Comparing camping with holidaymaking is like comparing reality TV with art. It’s the biggest con after cryptocurrency or male feminists, and one that seems to haunt me more and more, now that I have boy children. Fortunately for me, one of those boy children considers nature an affront on his soul, and would rather go without oxygen than WiFi. Unfortunately, the young boy child is buying the camping Kool Aid, and gets more excited by the concept with every ill-advised school campout.
I recall, with horror, our days of being forced to camp at school. Trekking with a backpack so fully laden that I now have a future of scoliosis to look forward to. You’d arrive at some dusty campsite in the middle of some godforsaken place, with teenagers fresh out of school themselves tasked with ‘leading’ your camp groups while your teachers hotfooted it to the nearest bar to begin their weekend of inebriated ‘child-minding’.
The first step would be to set up camp. This involved unpacking a mouldy tent, only to discover you’re missing 2 key elements that actually make the tent stand upright. After 75 gruelling minutes of trying to decipher the mechanics of a tent designed by some coked-up engineer from the 1970s, you’re forced to string up the tent to the nearest thorn tree and hope that a gentle breeze doesn’t send it all scuttling into the croc-infested river nearby.

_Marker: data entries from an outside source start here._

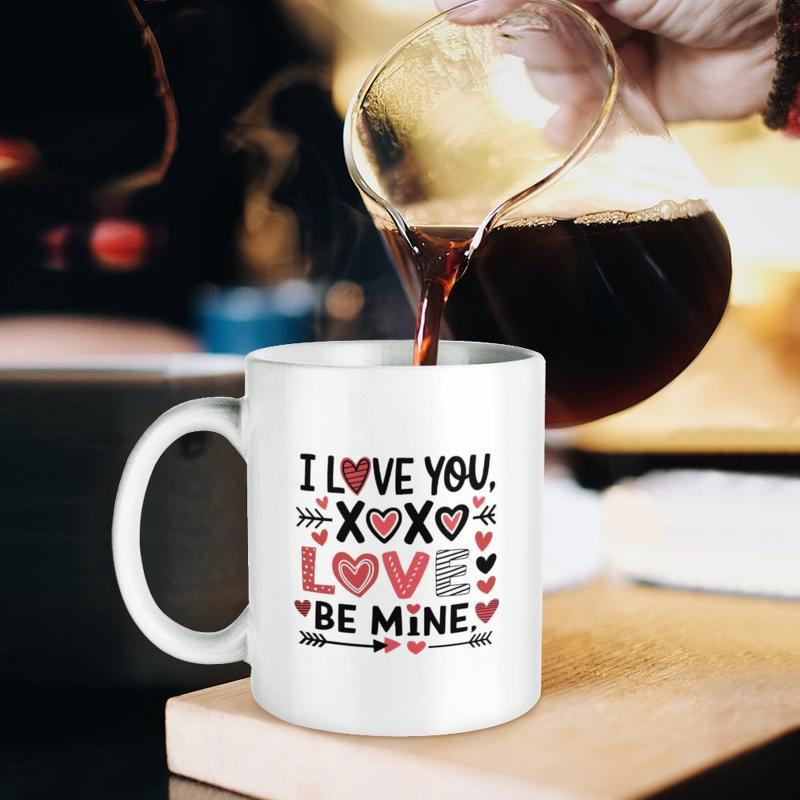 Tailorly White Ceramic 11 oz Mug - I Love You XOXO Love Be Mine Romantic Ornate Arrows Among Delicate Pink And Red Hearts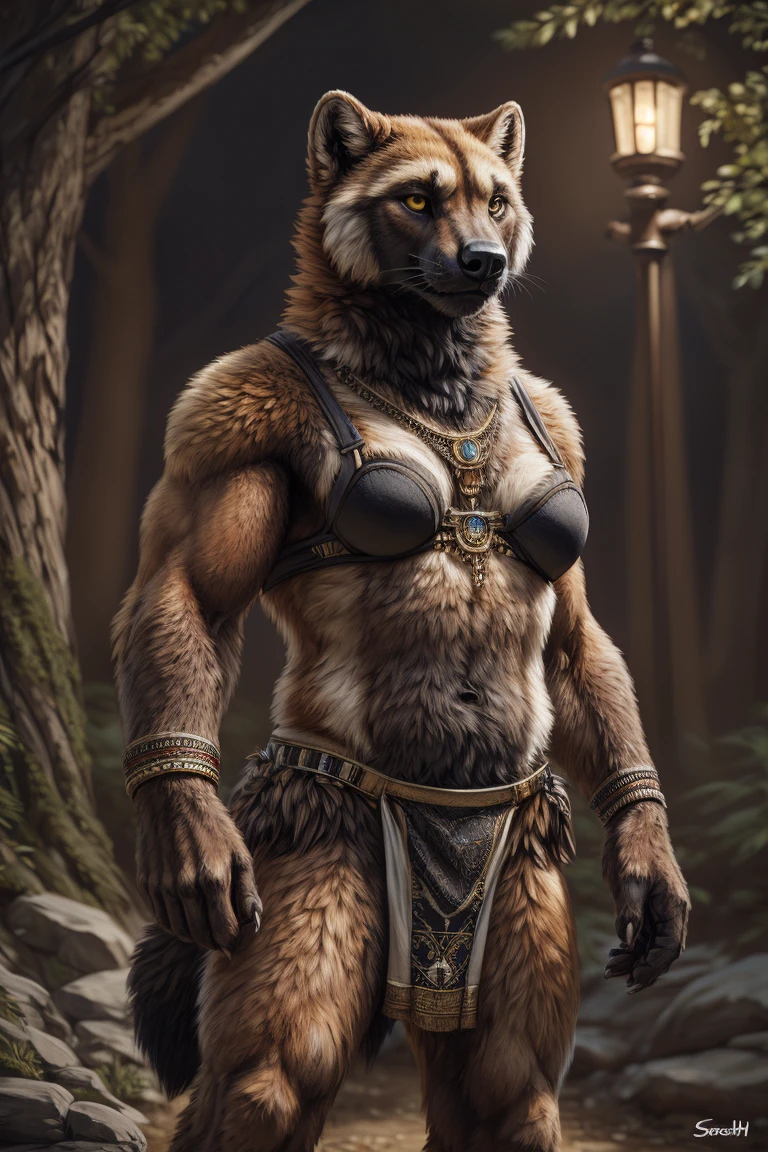 female, wolverine, bra, anthro, safe, loincloth, tribal clothing, jewelry, plantigrade, 5 fingers, 5 toes, tuft, black fur, brown fur, tan fur, yellow eyes, muscular, front view, night, forest,
BREAK,
by snowskau, by foxovh, by sabretoothed ermine, (intricate, high detail, film photography, soft focus, RAW candid cinema,
photorealism, realistic, photorealistic, analog style, subsurface scattering,
masterpiece, best quality, ultra realistic, 8k)
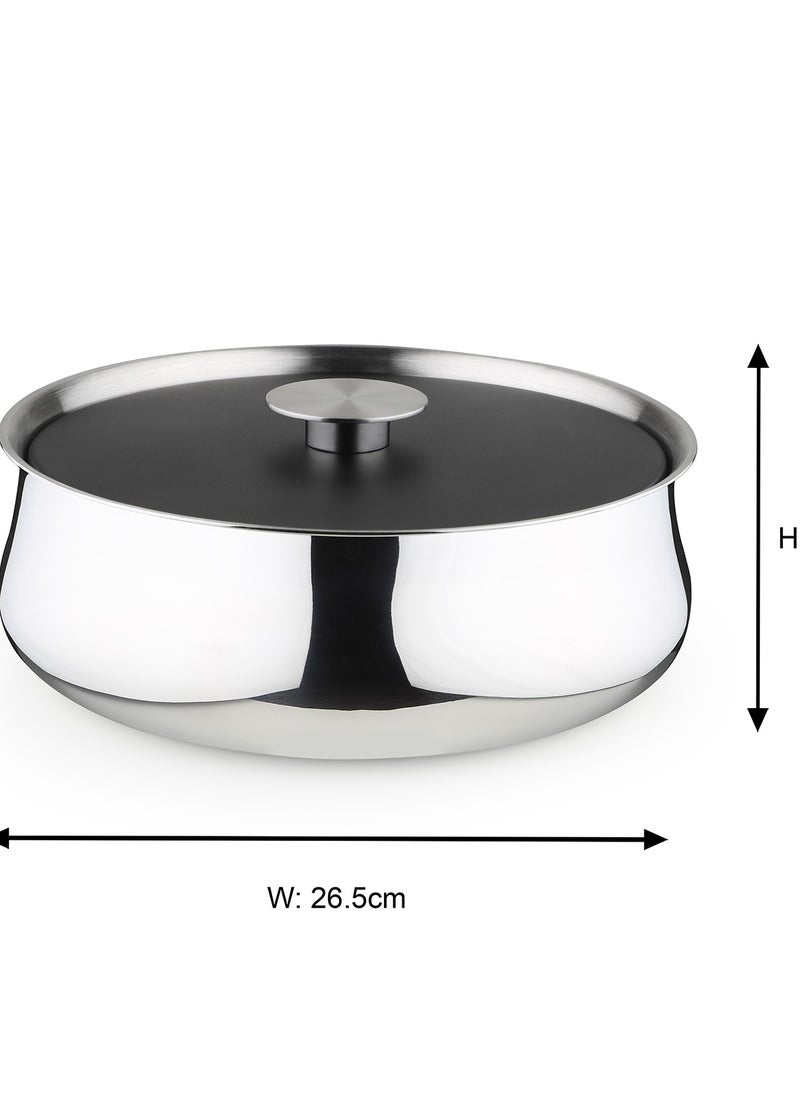 Arttd Inox - ARTTDINOX Designer Stainless Steel Bowl with Lid | Multi-Purpose Double Wall | Mixing Serving Bowl | Gloss Mirror | Dishwasher Safe | Serveware & Tableware | Doubly Series | Small | by Jindal - Image 1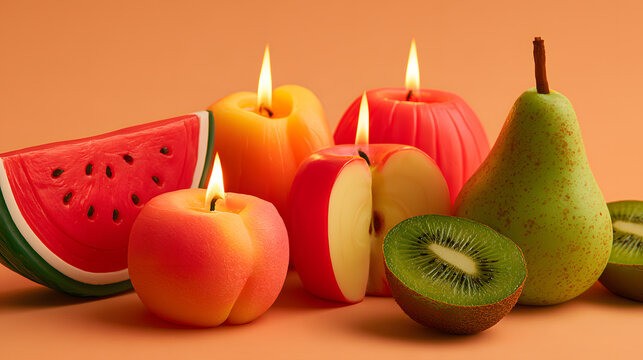 Cute fruit candle centerpiece shaped like a watermelon slice, peach, apple, pear, and kiwi, playful colorful designs, handcrafted wax texture.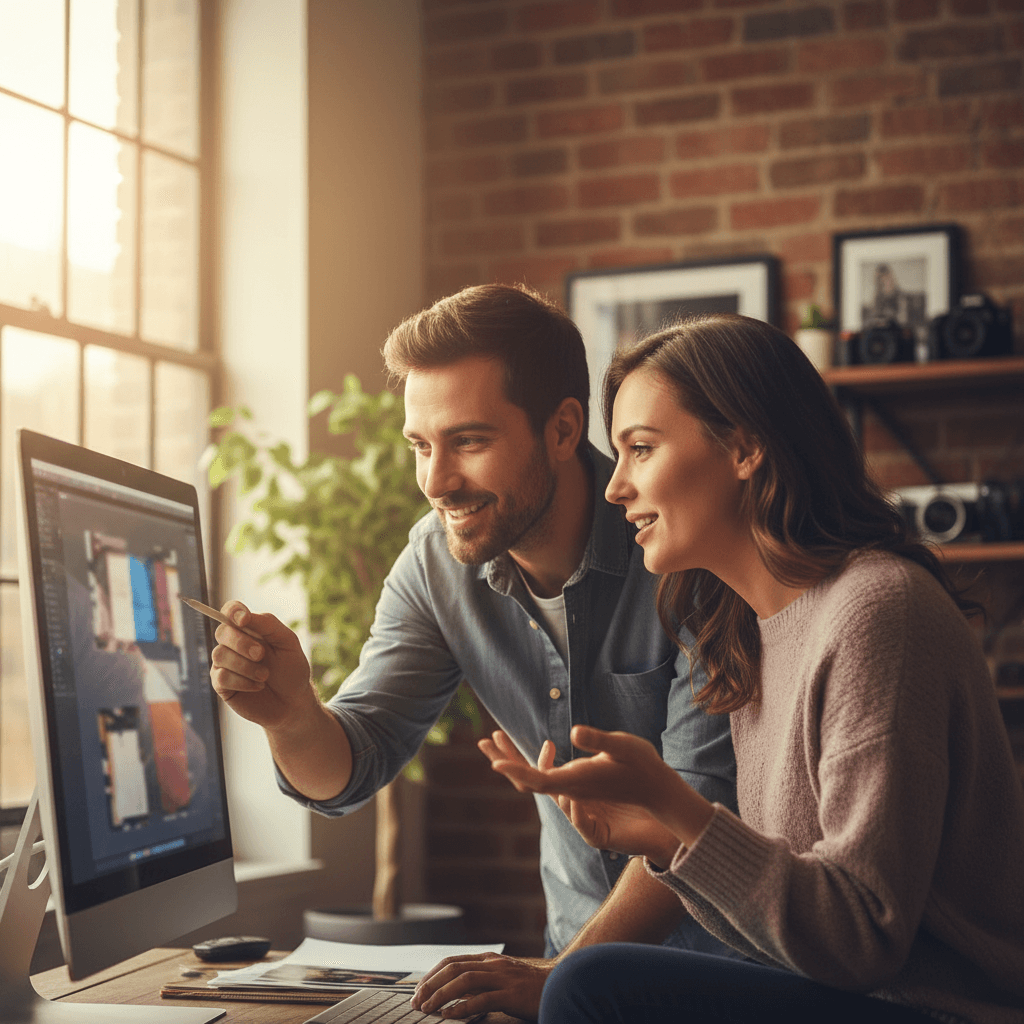 Collaborating with clients to review and refine their images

It’s at this point you realise you haven’t eaten anything since the packed school lunch on the bus that was as indecipherable as your tent instructions. The team leaders, who are nothing more than militant Nazi youth, instruct you to cook your own food over an open fire, using a pile of twigs and a lighter you had to borrow from the teachers on their smoke break.
Having eaten your soggy two-minute noodles, you’re escorted to the ablution facilities, which are so vile, you’re basically risking an STD and inevitable snake bite upon entering. Fortunately, all this is interspersed with ‘team-building’ activities that make Lord of the Flies seem like a vacation in the Seychelles – all overseen by sadistic camp leaders on a power high.
These school tours were supposed to teach you resilience and camaraderie. All it taught me was that teachers have a surprisingly high threshold for liquor. And that camping is the absolute worst.
Going into adulthood, this is not an experience I wish to re-enact. And yet, every family wants to go on camping trips based on some complete misconception about what camping is – and how much camping really costs. It’s not fun. It’s not cheap. And you will wish for death. No matter what they tell you.
Between the petrol, campsite, equipment, and post-camping therapy, it’s one of the costliest vacations you can take. I drive past campsites and can only stare, dumbfounded, at these R1-million cars are parked alongside tents and trailers, with families looking more like they’re in a concentration camp than seaside camp. Parents, with their lifeless eyes, trying to change stinky nappies in the sand, wondering why they didn’t invest that R1-million in a holiday home rather than a holiday hell.
Camping is for the insane.
In the words of a wise man, the only stars I want to see are the 5 stars on the hotel door.